Parenting has changed quite a bit in the last 30 or 40 years, and a lot of those changes could easily be attributed to the rising level of technology. Before the advent of the internet, there wasn’t a much public opinion about the ‘correct’ way to raise children, if there even is such a thing. Instead, parents would simply step back and let their children explore the relative safety of the world in ways that most parents today would instantly scoff. Parents are no longer comfortable letting their children ride bikes around town without some sort of adult supervision, and their positions are based entirely on fear. They fear something might happen to their child that could be considered traumatic, and that fear translates to overprotection.
You might have heard this buzz-phrase before, but what does it really mean? The idea is fairly simply: it describes the act of parenting while hovering over your children so they are constantly protected in a bubble of your attention. Parents that operate in this manner often don’t realize what sort of harm they are bestowing upon their children. By consistently protecting them from even the smallest dangers of the world while also doing everything for them, you’re doing nothing but raising them to be dependent on outside influence. This means that when your children are grown, they won’t know how to adequately deal with the pressures and pitfalls of life.
Nearly an entire generation of American children are growing up under such parentage, and with the way parents view other parents in society through social media, many have fallen into the trap that forces them to believe helicopter parenting is the best parenting method. Any parents who aren’t totally involved in every aspect of their child’s lives must be subpar parents, according to the standards of society, but that isn’t true at all. In fact, research has shown that children need to be taught self-reliance and sufficiency as early as possible for optimal psychological growth.
With all the perceived dangers in society, many parents have a hard time adapting to this sort of parenting style. Free-range parenting basically means that parents will raise their children without standing over them and making every single decision for them. As long as there isn’t any significant risk, parents allow their children to make many of their own choices. The idea was first envisioned in 1946 by Benjamin Spock, who wrote and published a book on the subject. He got the idea by viewing the most common parenting methods of the day and trying to look at them from the child’s point of view. How would certain parenting ideals affect the children before they are capable of expressing how it might affect them on a personal level?
The concept of free-range parenting has certainly been present in society for quite some time, yet many still find it to be an unacceptable form of parenting. A lot of that stigma comes from the fact that the generation championing helicopter parenting experienced a smaller version of it themselves, thereby implanting in their psyches that such a parenting style is the only way to protect your children while also showing society that you care for them. This might seem like a good thing, but it is quite selfish on the part of the parents. Free-range parenting focuses on what is best for the children, not what is best for the social standing of the parents.

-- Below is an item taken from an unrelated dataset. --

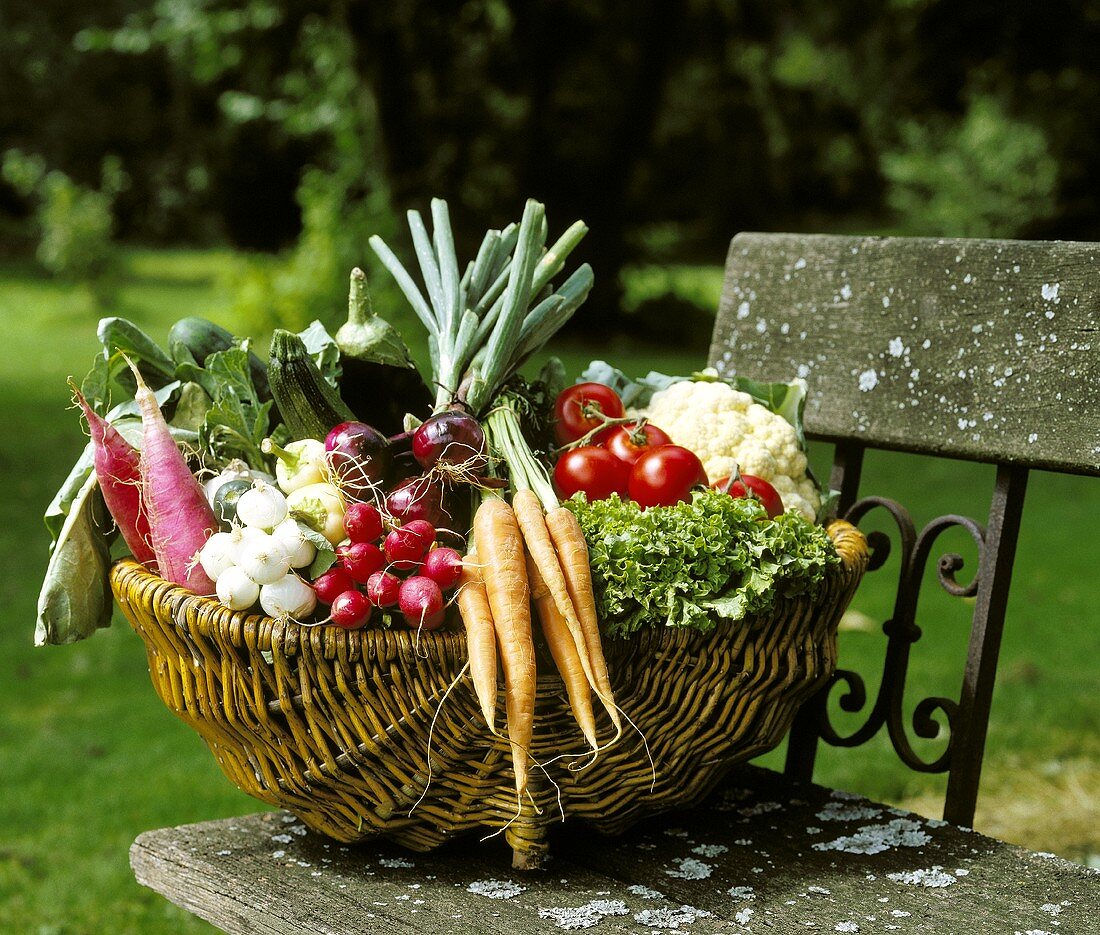 Basket of fresh garden vegetables on a bench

One of the best ways to go about free-range parenting is to stop constantly protecting your children from sources of danger that aren’t entirely realistic. Knives are often considered much too dangerous for children to use, yet parents have no issue with letting them use forks and spoons. There are special knives that aren’t particularly sharp that would be perfect for introducing a toddler or young child to the tool. By showing your children from a young age that knives are nothing to be scared of when used properly, you’ll instill a sense of growth and freedom in your children.
By working with your young children to help them become comfortable around knives from a young age, you’ll teach them to more appropriately judge potential sources of danger. This will help them grow into well-adjusted and self-reliant adults.